« Lefigaro.fr/international » a publié, le 4 septembre 2014, un article relatif à l’ESPT (état de stress post traumatique), reproduit ci-après :

(http://www.lefigaro.fr/international/2014/09/04/01003-20140904ARTFIG00330-des-veterans-du-vietnam-pourraient-se-voir-reconnaitre-le-stress-post-traumatique.php)

Des vétérans du Vietnam pourraient se voir reconnaître le stress post-traumatique

Le Pentagone va étudier les dossiers de militaires renvoyés de l’armée pendant la guerre du Vietnam, en admettant souffraient à l’époque du trouble de stress post-­traumatique liés au combat. Des milliers de vétérans du Vietnam pourraient obtenir réparation plus de 40 ans après la fin du conflit. Le Pentagone va réexaminer les dossiers de certains anciens combattants de la guerre du Vietnam, renvoyés de l’armée et qui sont susceptibles d’avoir souffert à l’époque du trouble de stress post-­traumatique (TSPT). L’armée américaine reconnaît aujourd’hui le TSPT comme un trouble pouvant être diagnostiqué. Mais à l’époque de la guerre du Vietnam, ces traumatismes psychologiques liés au combat n’étaient pas pris en compte au sens médical par le Pentagone.

S’ils arrivent à prouver qu’ils souffraient du TSPT durant leur temps de service, les soldats concernés pourraient faire modifier les documents de leur expulsion et se voir accorder de façon rétroactive le statut de «renvoi honorable». Une reconnaissance symbolique, mais aussi la porte ouverte à des indemnisations. Cette décision fait suite à une «class-­action», une action en justice de groupe, fréquente aux Etats-­Unis.
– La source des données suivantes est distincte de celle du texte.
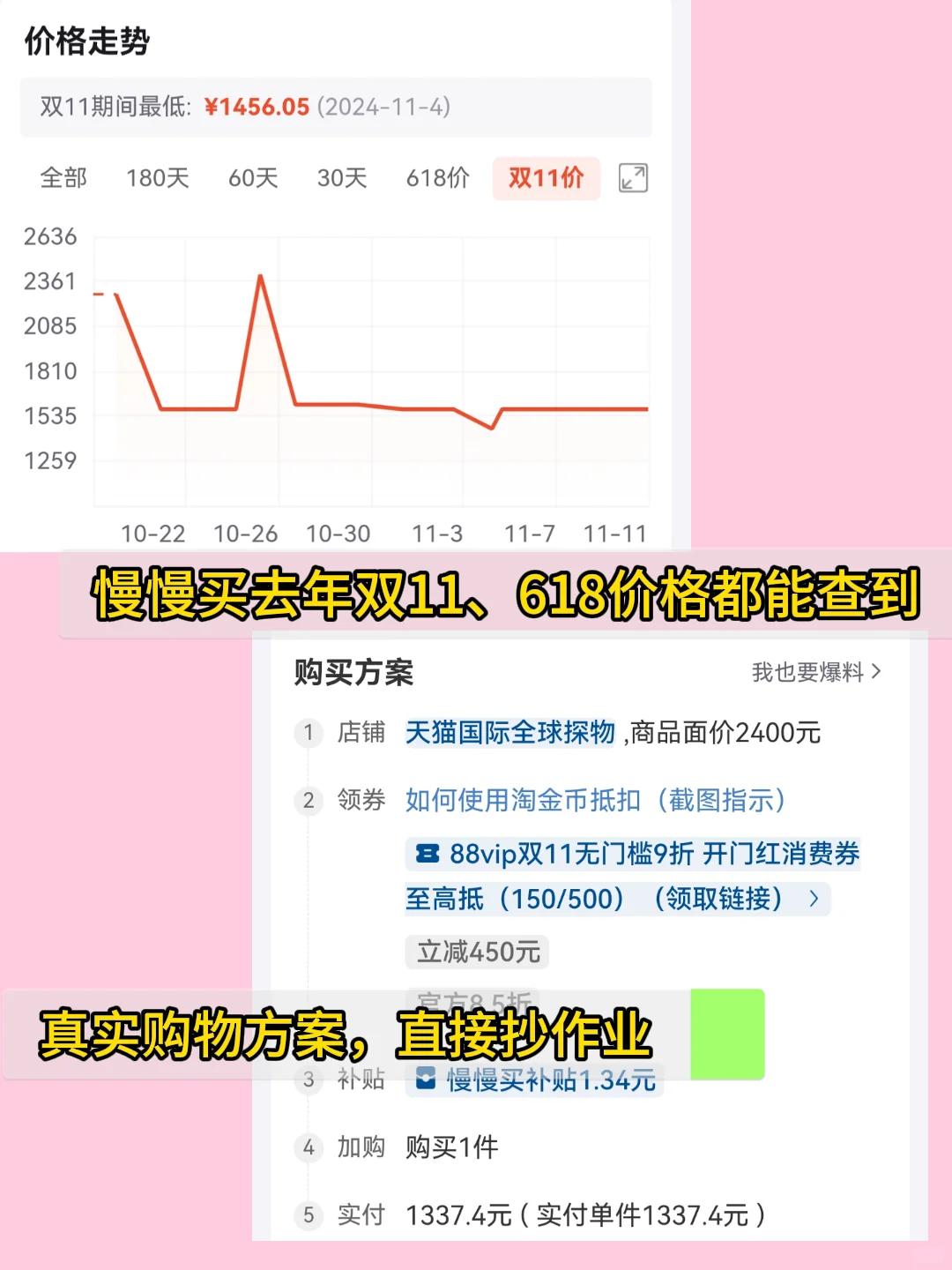 用什么值得买查不到去年双11价格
Elle a notamment été menée par une association de défense des vétérans, la Vietnam Veterans of America.Selon le New-­York Times, sur les 250.000 soldats renvoyés de l’armée à l’époque de la guerre du Vietnam, 80.000 souffriraient de TSPT.

Chuck Hagel, le secrétaire américain à la Défense -­ lui-­même vétéran du Vietnam -­ a salué la décision, affirmant que c’était «la bonne chose à faire». Il est . La décision «reflète notre engagement envers ceux qui ont servi notre pays en temps de guerre plusieurs décennies en arrière», a-­t-­il ajouté.

Le TSPT, une reconnaissance assez récente

Le trouble de stress post traumatique a été intégré au Diagnostic and Statistical Manual of Mental Disorders (DSM) américain en 1980 (ouvrage controversé, mais qui fait référence pour l’armée américaine), et reconnu comme maladie par l’Organisation mondiale de la santé en mai 1992.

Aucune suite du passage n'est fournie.